The Nervous Caucus: Republican Senators and the War

June 7th, 2007 by mopns · No Comments

By Matthew Continetti (excerpted)

The most prominent Senate hawk is John McCain, but his presidential campaign often takes him away from Washington. That leaves most of the pro-war lobbying to McCain’s fellow Arizonan Jon Kyl, who is number three in the minority leadership, and South Carolina’s Lindsey Graham. Oklahoma’s Tom Coburn is also important. In February, Coburn was among the 10 Republican senators who voted against confirming Gen. George Casey, Petraeus’s predecessor, as Army chief of staff.

Among the ten anti-Casey Republicans was Missouri’s Kit Bond, the ranking member of the Senate Intelligence Committee whose son is serving in Iraq. Bond’s colleagues say he is a key player in fostering Republican support for the president’s policy. Bond is no blind follower of the president, however. He is critical of the administration’s decision to reject the original chief of the Coalition Provisional Authority, Jay Garner, in favor of Paul Bremer. He is critical of the scandal-plagued Iraqi police. And he shares in others’ frustrations with the Iraqi political class.
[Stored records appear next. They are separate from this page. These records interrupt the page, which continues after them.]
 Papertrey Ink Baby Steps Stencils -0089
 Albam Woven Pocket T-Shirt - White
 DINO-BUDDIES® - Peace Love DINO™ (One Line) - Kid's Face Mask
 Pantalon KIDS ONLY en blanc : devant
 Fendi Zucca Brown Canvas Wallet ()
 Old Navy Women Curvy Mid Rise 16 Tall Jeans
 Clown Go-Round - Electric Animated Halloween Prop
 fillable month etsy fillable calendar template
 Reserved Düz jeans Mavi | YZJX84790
Yet he also says the new war strategy is showing results. In early May, Bond visited Iraq with Republican senators Saxby Chambliss of Georgia and Olympia Snowe of Maine and California GOP congressman Darrell Issa. One day the group drove into downtown Ramadi in a Cougar Mine Resistant Ambush Protected (MRAP) vehicle. Not long ago in Ramadi, al Qaeda ruled. When Bond visited, the place was–relatively speaking–quiet. Bond, his colleagues, and Maj. Gen. W.E. Gaskin–the commander of Multi-National-Force-West–along with two U.S. Marines carrying M16s, took in the old city college and visited Marines. They stood at Firecracker Corner, so called because of all the firefights that have taken place there. They saw a mosque that American soldiers had rebuilt.

Bond was amazed. To him, the progress was palpable. Months ago, a visit to Ramadi was unthinkable. But the Sunni sheikhs who dominate Anbar politics had turned against al Qaeda in Iraq and joined forces with the Americans. Things were changing.